I think the only time I had ever even seen it was either when Axel Foley was raising havoc or when Julia Roberts got punked at that little shop. Damn, I wonder if Richard Gere will be hanging on a hook. Even the rumors about gerbils couldn't turn me off.
We parked in an all day lot for more money than I think Andrea's 94' Cavalier cost her. She had some crazy ass map she got off the internet. The sun was beginning to set, thankfully, because we looked fit to be arrested. As if the crazy looks weren't enough.
Movies about prostitution rarely focus on the subplot of the weary on-lookers, it's s always about the guy in the hot car with money hanging out of is handkerchief pocket.
We followed the map, which led us to a boutique that seemed more like a consignment shop compared to the other stores. We entered feeling the most comfortable we had felt since we parked.

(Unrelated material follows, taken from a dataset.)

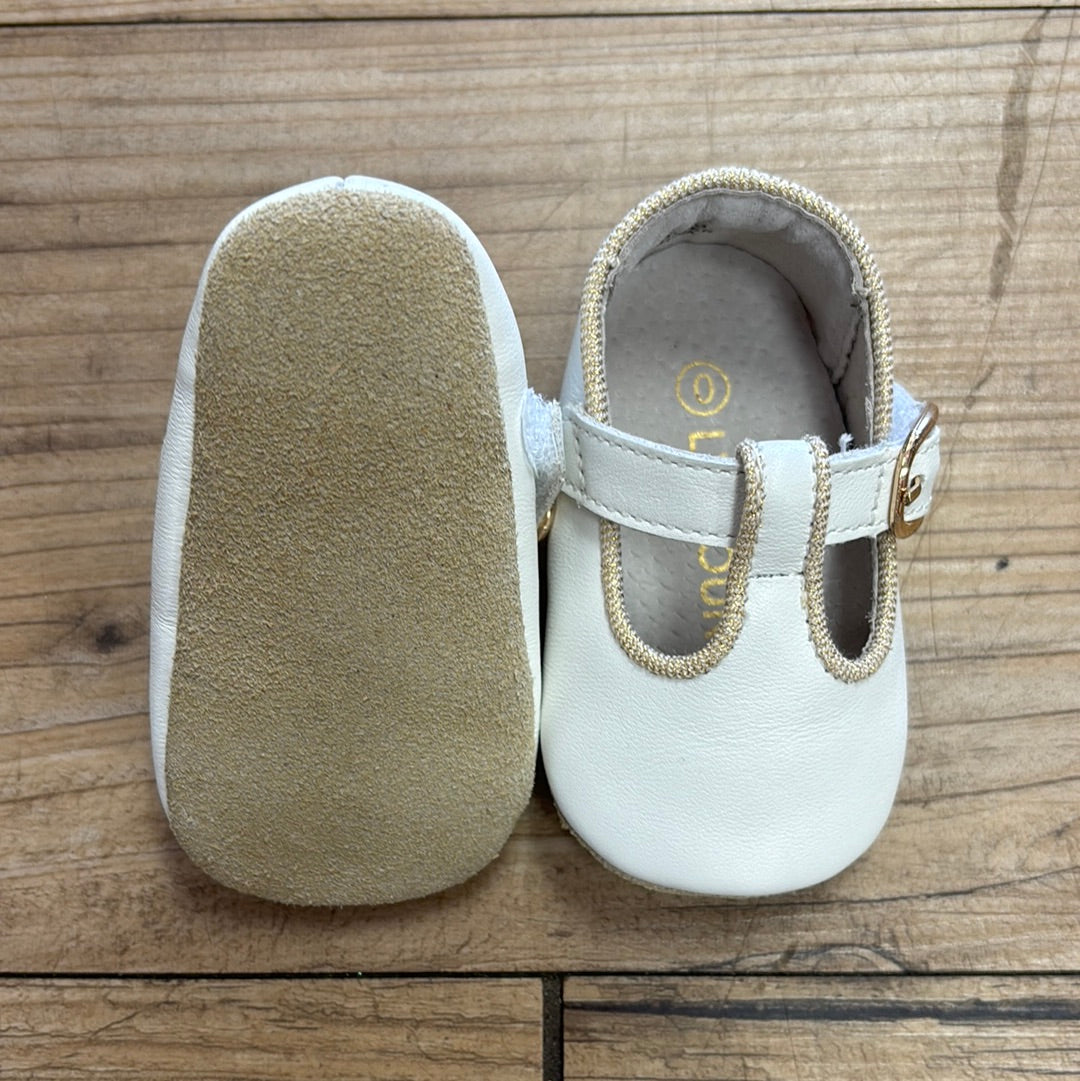 L'Amour 3533 Infant Girls Evie T-Strap Crib Shoe (STHE)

Inside was one of the most beautiful women I had ever seen with a body like Halle Berry and a mouth like Kelly LeBrock, I smiled to myself remembering "The Woman in Red." She was tall or at least appeared to be in her expensive sling-backs and skin-tight pants suit.
Andrea wasted no time before spitting out "Where's all the men at. My Independence Card kicked on today and momma needs to fill herself up with some m-e-a-t!" I expected an appalled look from this exotic creature but she laughed the sweetest laugh before pointing us to a stairwell in the back.

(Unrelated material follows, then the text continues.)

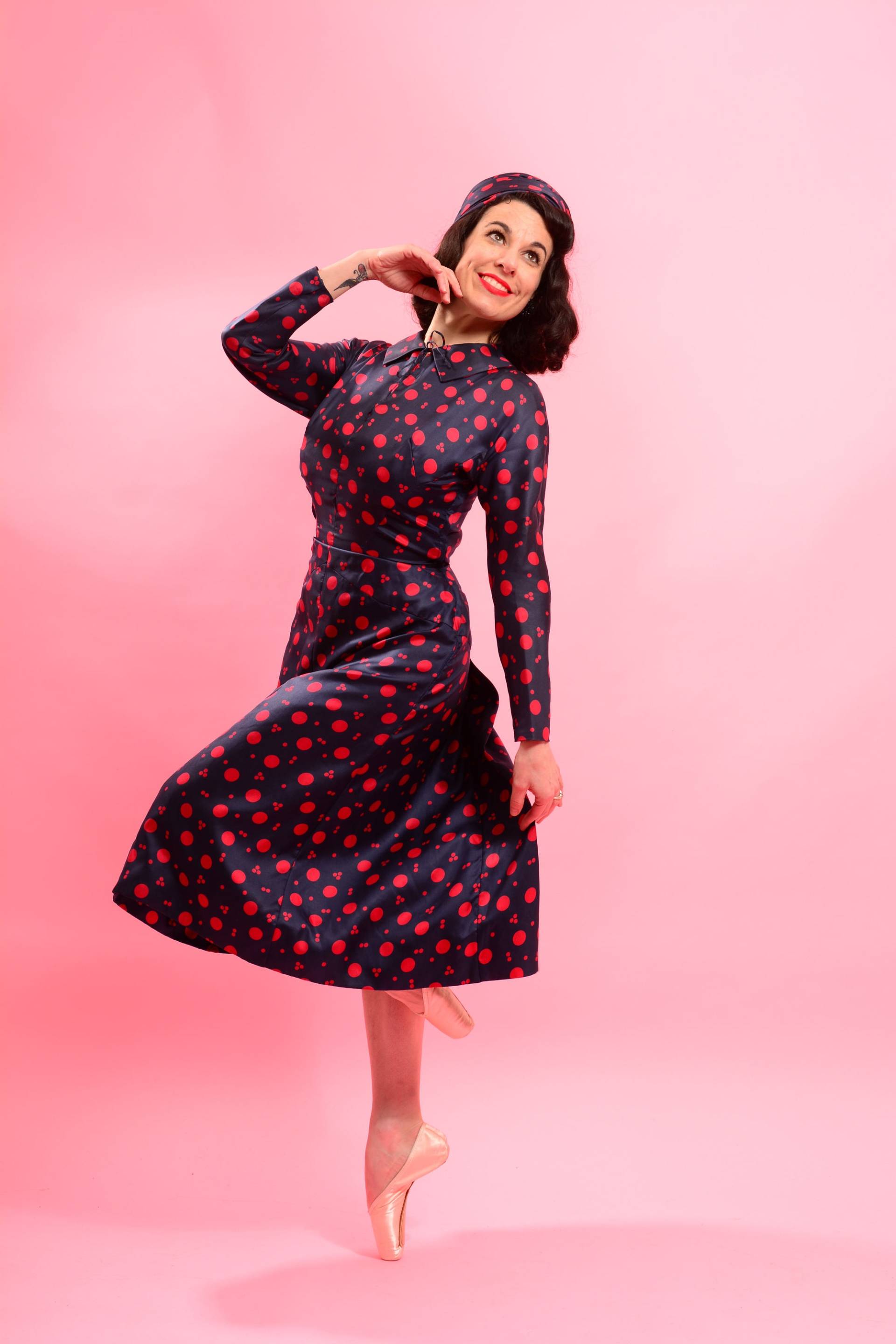 1940Er Jahre Seide Polka Dot Kleid Mit Treiben Und Passenden Hut von GlamourlandVintage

I swear we were going down these stairs forever before hearing the hustle and bustle of an underground city. My first impression triggered the memory of downtown Mars in "Total Recall," I was just waiting to see a mutant guy hanging around with three dicks.
There were old-fashioned carts, like the tonic salesmen from the wild west, plexi-glass boxes filled with men and even carnival stages with men doing tricks. There were dicks, balls, and butt holes as far as the eye could see. Our first stop was the "Boy Boutique" filled with young men fresh out of college posed on various antique pieces of furniture. They were all stamped with price tags.

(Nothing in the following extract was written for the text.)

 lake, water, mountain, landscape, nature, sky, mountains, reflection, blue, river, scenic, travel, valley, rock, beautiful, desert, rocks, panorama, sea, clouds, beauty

"Dammmmnnn, even if we all three put our life savings together, we couldn't afford his fresh-ass Harvard cock," I said pointing to the glistening tan body propped at an old roller desk. Andrea reached down and held his goods as if she was weighing his cock and balls expecting the price to be per a pound.
Andrea approached the salesman who was a short stocky balding Jewish fellow and she whispered "Can you please direct me to the section that sells the defunct male merchandise. I don't care if they ain't got no arms, teeth, and legs as long as they're cheaper and can still get it up."
He looked confused but kindly told us that there were all shapes, sizes, and prices along the avenue and that we would do best to continue window shopping.